Postgresql – Cannot get the slave – replication server to start

postgresqlreplication

My replication server will not start. I have followed the instructions here:
http://opensourcedbms.com/dbms/setup-replication-with-postgres-9-2-on-centos-6redhat-el6fedora/

As well as several other places including the Postgres Wiki as they all have the same information.

Here is what happens:
I do a full backup of the /9.2/data folder and move it to the replication/slave server, untar it. I can start PostgreSQL as well as pgAdmin and access all data with no problems.

I then move to the instructions on editing the pg_hba.conf and postgresql.conf for the slave server. I attempt to start it, and it fails (error in red [fail]. I cannot find any logs anywhere to give me a hint as to why.

I even verified there was no postmaster.pid in the data folder.

Also, I cannot find any log files. Do I need to "activate" a log file in the configuration?

So, if anyone wants to take a stab in the dark on my vague description, I'd love to hear any suggestions. I can put my conf files on pastebin if that will help.

Best Answer

Steps to set up the hot standby

First, determine the mount points of the Postgresql data directories and the WAL (Write Ahead Log) directories. For performance, the $PGDATA and pg_xlog directories should be on separate volumes.
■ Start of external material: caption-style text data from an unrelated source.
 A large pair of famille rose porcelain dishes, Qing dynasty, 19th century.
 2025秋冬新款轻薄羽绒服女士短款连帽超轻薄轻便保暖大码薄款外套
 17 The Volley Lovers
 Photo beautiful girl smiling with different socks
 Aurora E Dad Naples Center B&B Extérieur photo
In the examples below, they are defined as follows:

  • $PGDATA is the "master" cluster, located at /pgdata/9.3/data, at (for example) 192.168.10.0
  • The "slave" (aka "hot standby") will be (for example) located at /pgdata/9.3/data, at (for example) 192.168.10.1
  • The WAL staging area on the slave will be /pgdata/WAL_Archive. This is where the WAL segments are sent to from the archive_command on the master. Ideally on a separate volume from $PGDATA.

Assumptions:

  1. The master cluster is up and running normally.
  2. There is no slave cluster yet.
  3. You are doing all operations as the "postgres" OS user (not root!)
  4. ssh between both servers is working
  5. You are using at least PostgreSQL 9.2
  6. pg_hba.conf and postgresql.conf are located at $PGDATA/. If not, change the instructions below to match your location.
  7. You are setting up the slave on a separate server.
  8. If the servers are not on the same network (eg. different colocations), use the "-z" flag in the "archive_command" rsync on the master to compress before transferring.
  9. These commands are for Linux, but with some substitution of commands should work on Windows too.
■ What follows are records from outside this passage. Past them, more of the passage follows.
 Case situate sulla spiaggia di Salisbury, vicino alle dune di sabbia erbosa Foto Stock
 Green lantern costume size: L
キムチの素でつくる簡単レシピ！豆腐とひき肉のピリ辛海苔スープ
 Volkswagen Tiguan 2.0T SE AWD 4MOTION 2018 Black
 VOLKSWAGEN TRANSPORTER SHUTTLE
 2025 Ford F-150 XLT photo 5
On the slave, create the staging directory to hold the master's log files

mkdir -p /pgdata/WAL_Archive
chown postgres:postgres /pgdata/WAL_Archive

On the master, edit the $PGDATA/postgresql.conf

wal_level = hot_standby
archive_mode = on
                    ## /pgdata/WAL_Archive is a staging directory on the slave
archive_command = 'rsync -W -az %p postgres@$SLAVE_IP_HERE:/pgdata/WAL_Archive/'
max_wal_senders = 5
wal_keep_segments = 5000   # If you have the room, to help the pg_basebackup
                           # not fail due to WAL segments being removed from master.
                           # For clusters will very little traffic, 100 is probably fine

On the master, create the replication role, which will be copied to the slave via pg_basebackup. Set a password for the "replication" role

psql -U postgres -d postgres -c "CREATE USER replication WITH replication ENCRYPTED PASSWORD 'changeme' LOGIN"

Modify the master $PGDATA/pg_hba.conf and enable the replication user for the IP of the slave

# TYPE DATABASE USER ADDRESS METHOD
#hostssl    replication     replication     $SLAVE_IP_HERE/32       md5
host    replication     replication     $SLAVE_IP_HERE/32       md5

Restart the master cluster to pick up the changes to the postgresql.conf. This is done as the cluster superuser.

For example:

pg_ctl -D $PGDATA restart -m fast
## The master cluster MUST be restarted before the pg_basebackup command is executed.

On the slave, from $HOME, issue the pg_basebackup command to start setting up the hot standby from the master.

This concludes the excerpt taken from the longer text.